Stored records
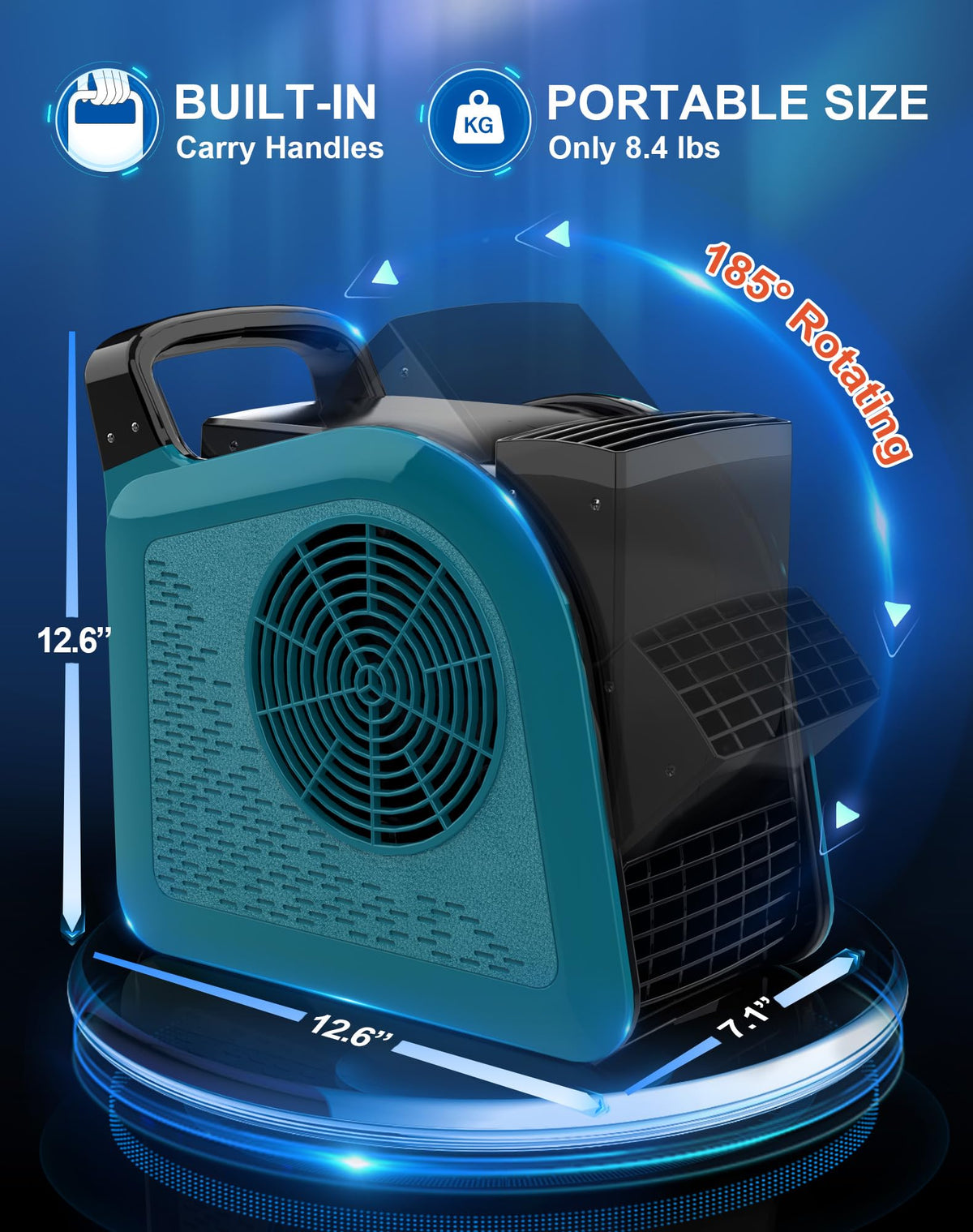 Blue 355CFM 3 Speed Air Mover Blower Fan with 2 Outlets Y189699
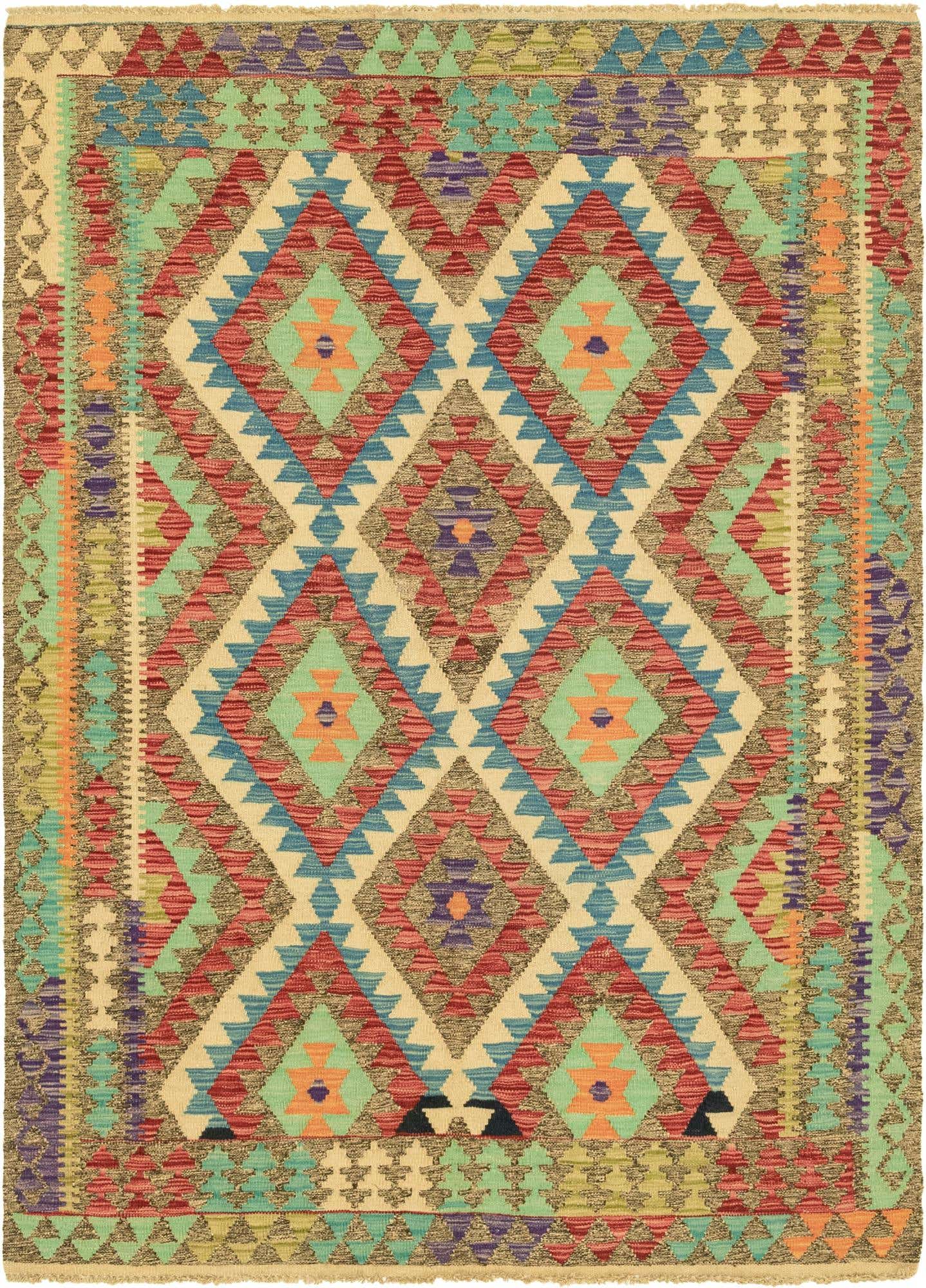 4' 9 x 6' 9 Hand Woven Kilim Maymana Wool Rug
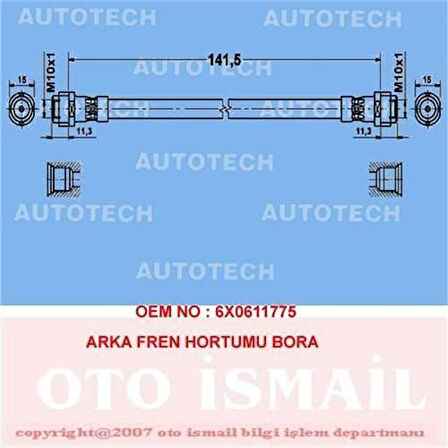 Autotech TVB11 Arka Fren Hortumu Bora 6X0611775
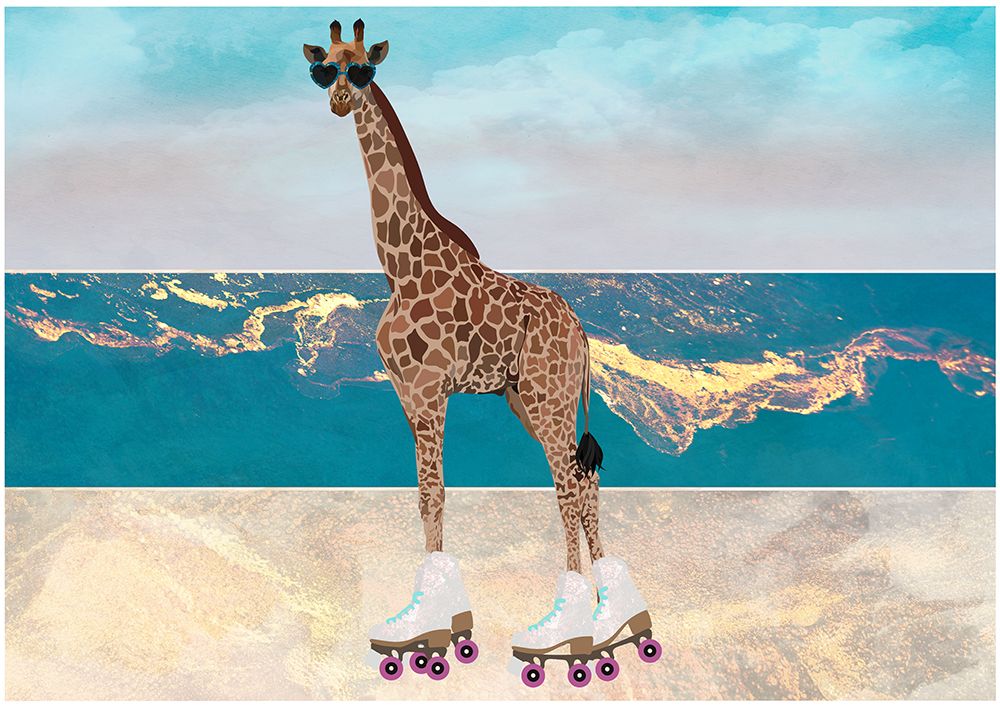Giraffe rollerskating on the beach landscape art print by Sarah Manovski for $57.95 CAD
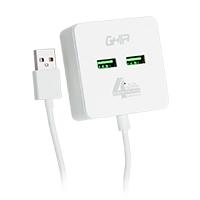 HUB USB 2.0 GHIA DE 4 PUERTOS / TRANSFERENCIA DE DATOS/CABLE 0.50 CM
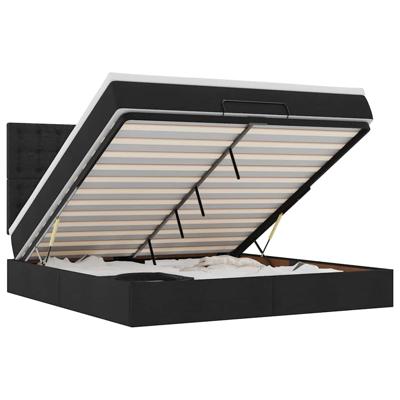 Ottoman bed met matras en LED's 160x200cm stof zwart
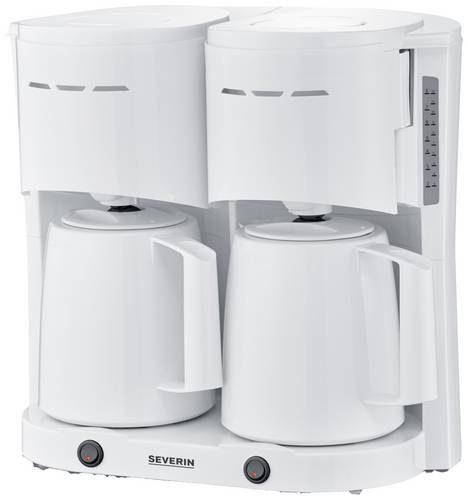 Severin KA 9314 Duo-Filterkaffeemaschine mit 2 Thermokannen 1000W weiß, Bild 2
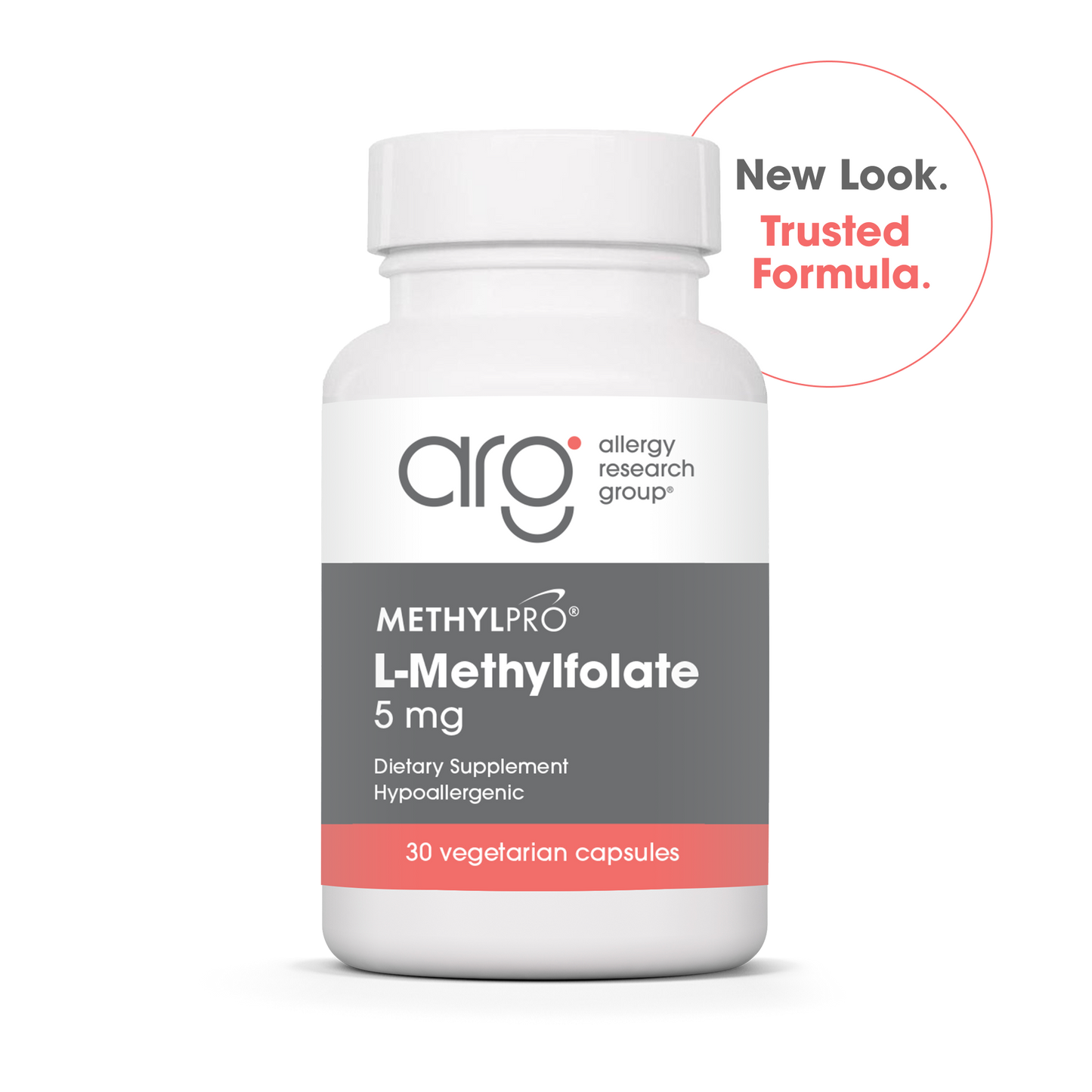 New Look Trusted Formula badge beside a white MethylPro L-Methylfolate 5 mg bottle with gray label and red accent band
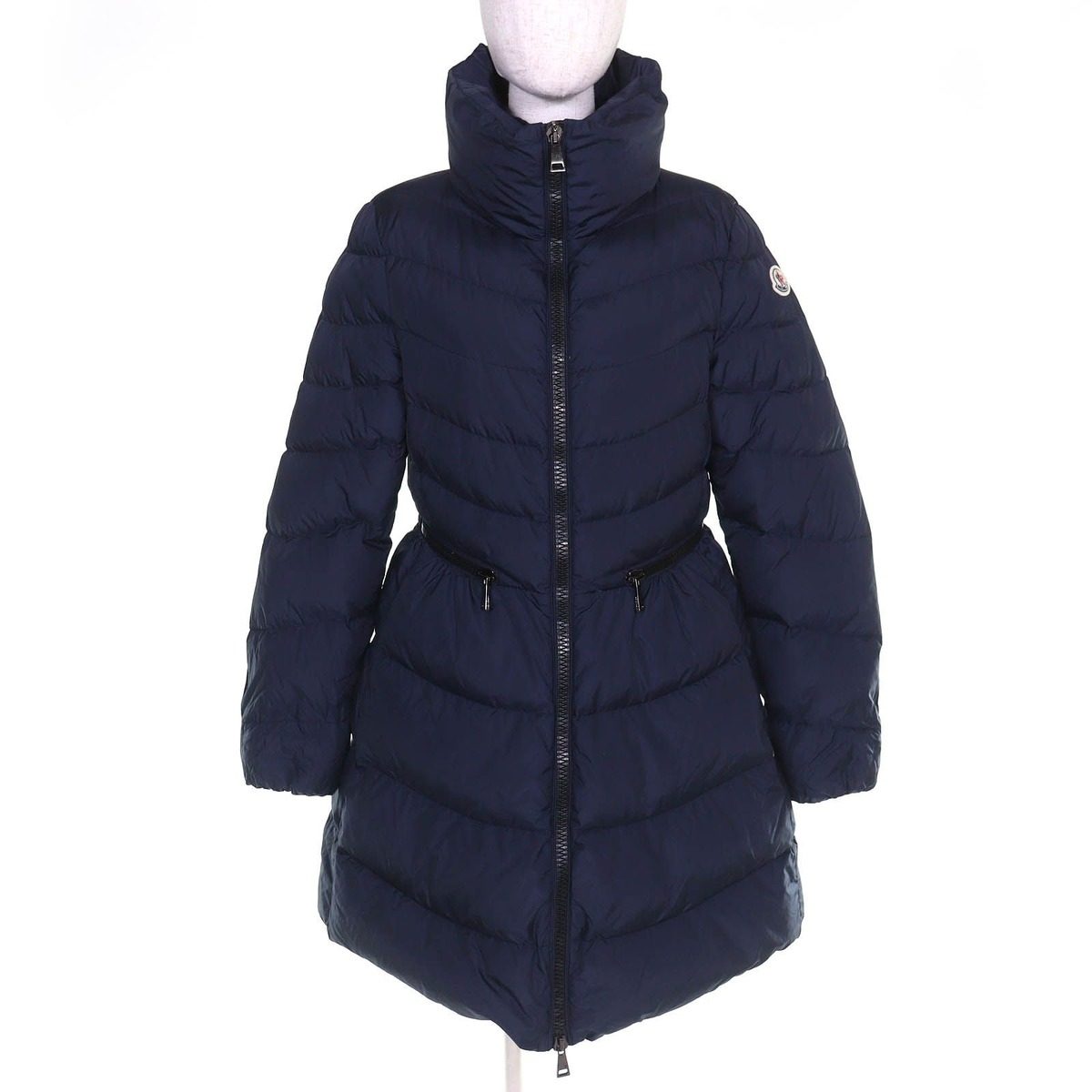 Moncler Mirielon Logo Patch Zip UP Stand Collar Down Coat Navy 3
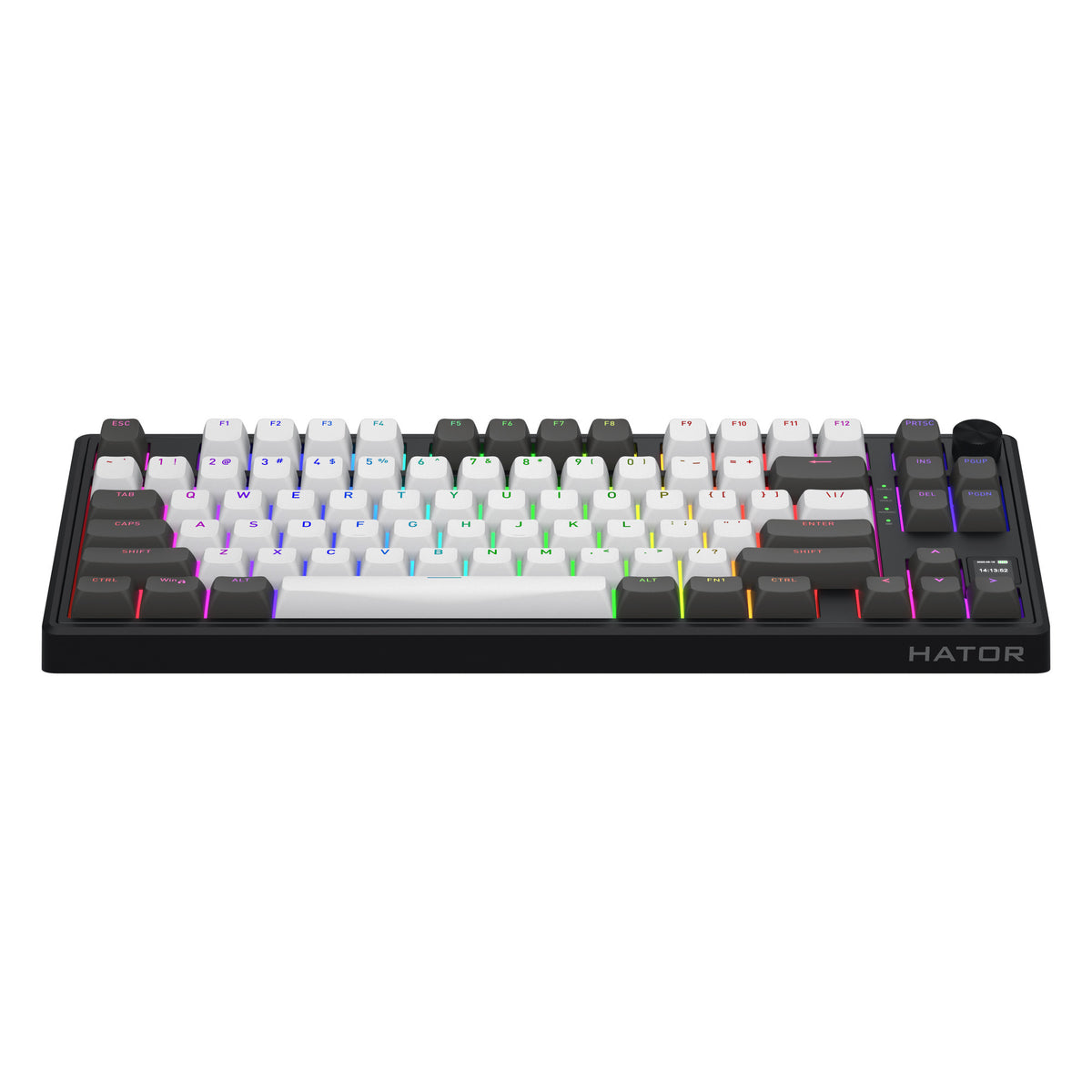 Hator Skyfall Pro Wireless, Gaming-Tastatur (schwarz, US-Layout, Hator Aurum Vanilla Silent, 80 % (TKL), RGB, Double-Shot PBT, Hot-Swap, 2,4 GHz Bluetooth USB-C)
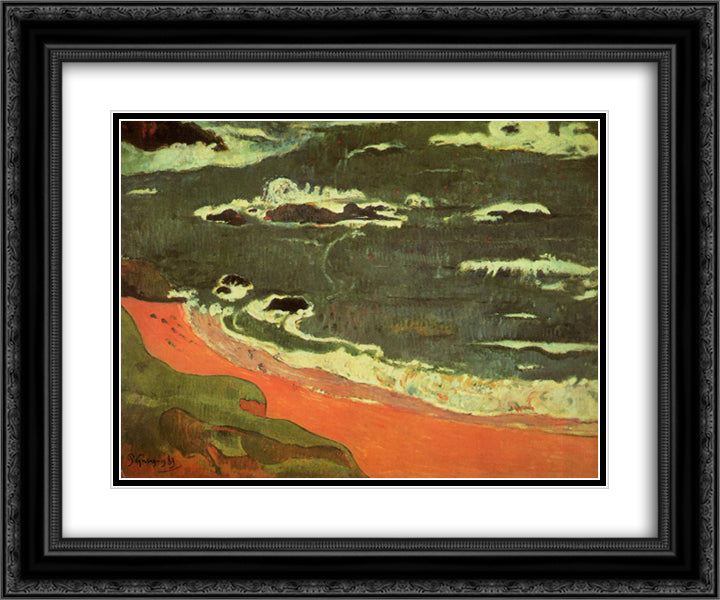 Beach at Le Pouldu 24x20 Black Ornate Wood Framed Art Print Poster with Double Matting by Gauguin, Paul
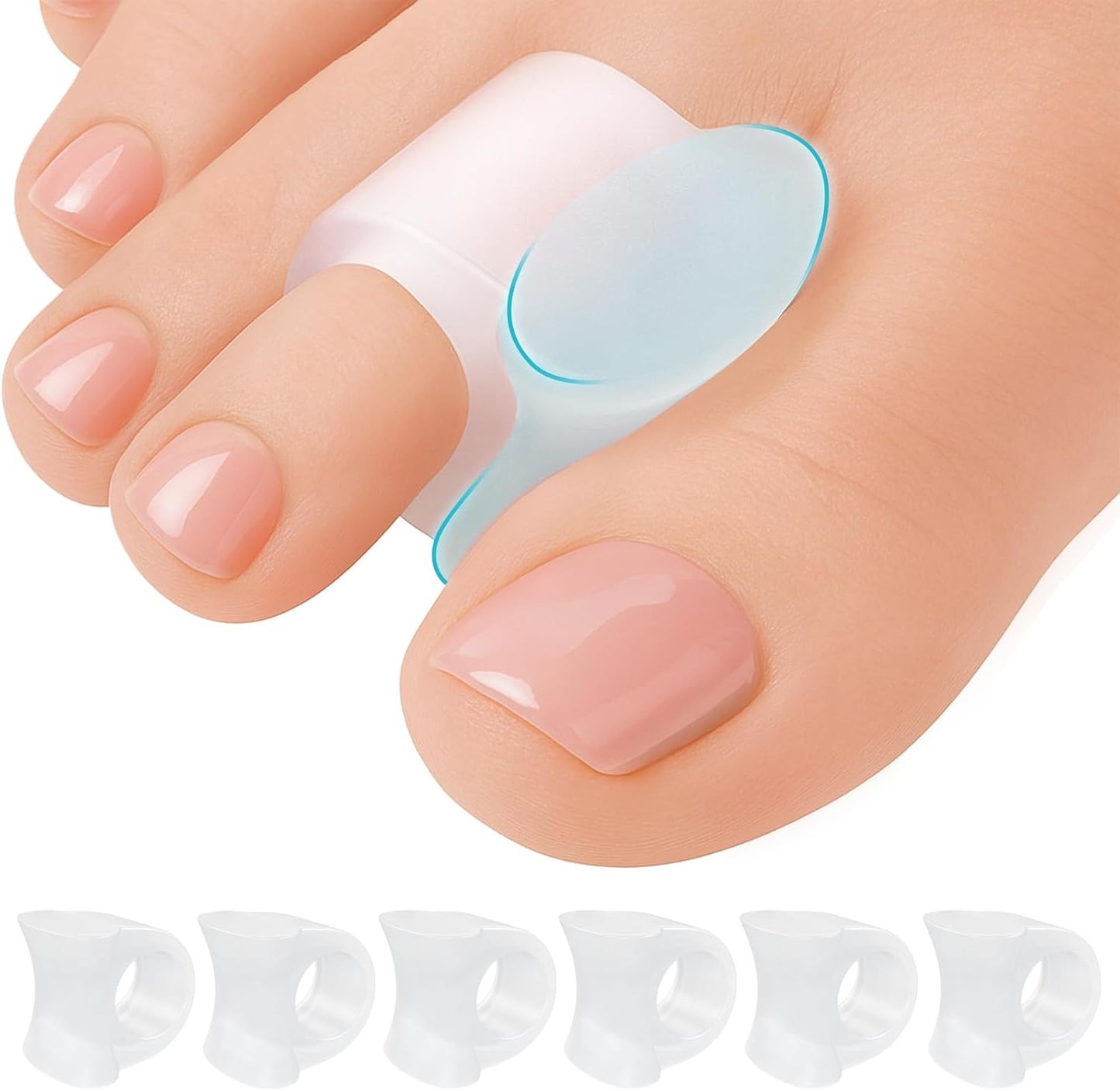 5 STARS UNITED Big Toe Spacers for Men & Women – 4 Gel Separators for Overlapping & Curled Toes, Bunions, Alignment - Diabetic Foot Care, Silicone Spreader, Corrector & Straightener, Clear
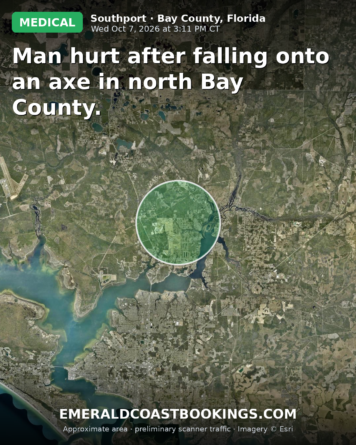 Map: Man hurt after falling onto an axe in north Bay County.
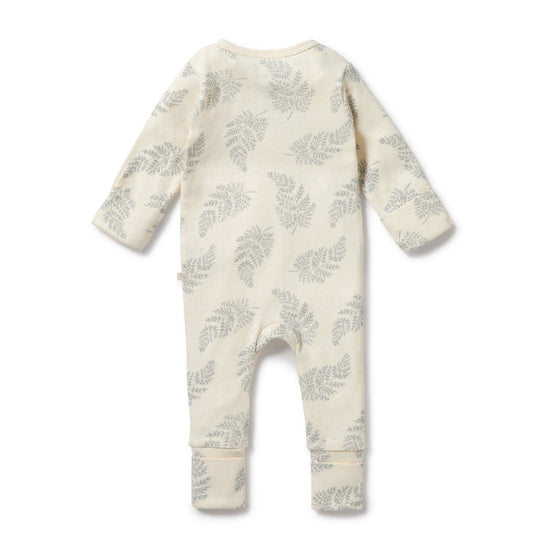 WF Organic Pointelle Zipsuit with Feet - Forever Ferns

* [What needs to be done]:
Set down all records verbatim, omitting images.

* [Solution to the problem]:
 Blue 355CFM 3 Speed Air Mover Blower Fan with 2 Outlets Y189699
 4' 9 x 6' 9 Hand Woven Kilim Maymana Wool Rug
 Autotech TVB11 Arka Fren Hortumu Bora 6X0611775
Giraffe rollerskating on the beach landscape art print by Sarah Manovski for $57.95 CAD
 HUB USB 2.0 GHIA DE 4 PUERTOS / TRANSFERENCIA DE DATOS/CABLE 0.50 CM
 Ottoman bed met matras en LED's 160x200cm stof zwart
 Severin KA 9314 Duo-Filterkaffeemaschine mit 2 Thermokannen 1000W weiß, Bild 2
 New Look Trusted Formula badge beside a white MethylPro L-Methylfolate 5 mg bottle with gray label and red accent band
 Moncler Mirielon Logo Patch Zip UP Stand Collar Down Coat Navy 3
 Hator Skyfall Pro Wireless, Gaming-Tastatur (schwarz, US-Layout, Hator Aurum Vanilla Silent, 80 % (TKL), RGB, Double-Shot PBT, Hot-Swap, 2,4 GHz Bluetooth USB-C)
 Beach at Le Pouldu 24x20 Black Ornate Wood Framed Art Print Poster with Double Matting by Gauguin, Paul
 5 STARS UNITED Big Toe Spacers for Men & Women – 4 Gel Separators for Overlapping & Curled Toes, Bunions, Alignment - Diabetic Foot Care, Silicone Spreader, Corrector & Straightener, Clear
 Map: Man hurt after falling onto an axe in north Bay County.
 WF Organic Pointelle Zipsuit with Feet - Forever Ferns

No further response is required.